Scientists have uncovered a possible new option in the fight against LDL or "bad cholesterol" build up in the human body. Researchers at UCLA have genetically engineered tomatoes to imitate the advantages of HDL or "good cholesterol."

The research team introduced the peptide 6F into artificial tomatoes and fed them to female mice that were bred to be incapable of breaking down LDL. 6F has the ability to mimic the benefits of apoA-1, the key protein found in HDL.

After eating a high-fat diet, the mice typically experienced inflammation and atherosclerosis, a build-up of plaque in the arteries that may cause a heart attack or stroke.The mice experienced less inflammation and plaque build-up after eating the genetically engineered tomatoes.

"This is one of the first examples of a peptide that acts like the main protein in good cholesterol and can be delivered by simply eating the plant," said senior author Dr.
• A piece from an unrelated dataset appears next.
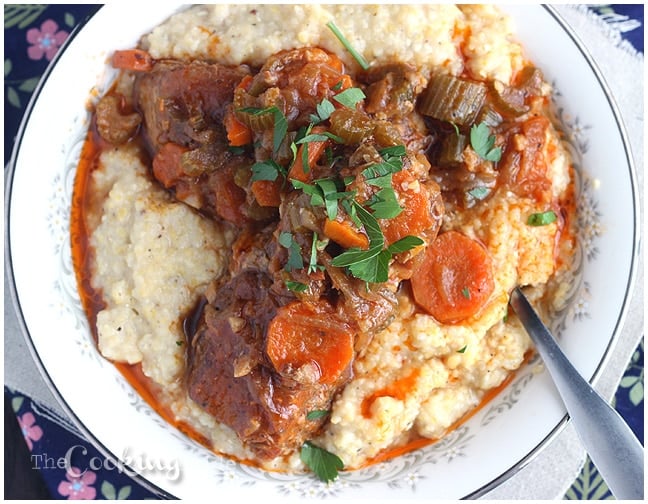 Fork tender country style slow cooker pork ribs are simmered with vegetables and served over a bed of creamy Parmesan corn grits.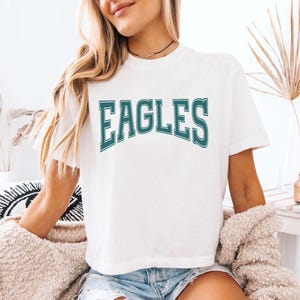 May include: A white short-sleeved t-shirt featuring the word EAGLES printed in a dark teal, arched collegiate-style font with a white outline. The shirt has a crew neckline and a relaxed fit, constructed from a solid white fabric.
Alan M. Fogelman. "There was no need to isolate or purify the peptide -- it was fully active after the plant was eaten."

Researchers chose tomatoes because as fruit they can be eaten without having been cooked which can break down the peptide before it is ingested.

Possibly the most interesting fact about the study was discovered hours after the tomatoes had been eaten. Researchers were astonished to find that the peptide had made its way to the small intestine instead of the blood stream and was still fully intact.

The study's corresponding author, Srinavasa T. Reddy said: "It seems likely that the mechanism of action of the peptide-enhanced tomatoes involves altering lipid metabolism in the intestine, which positively impacts cholesterol."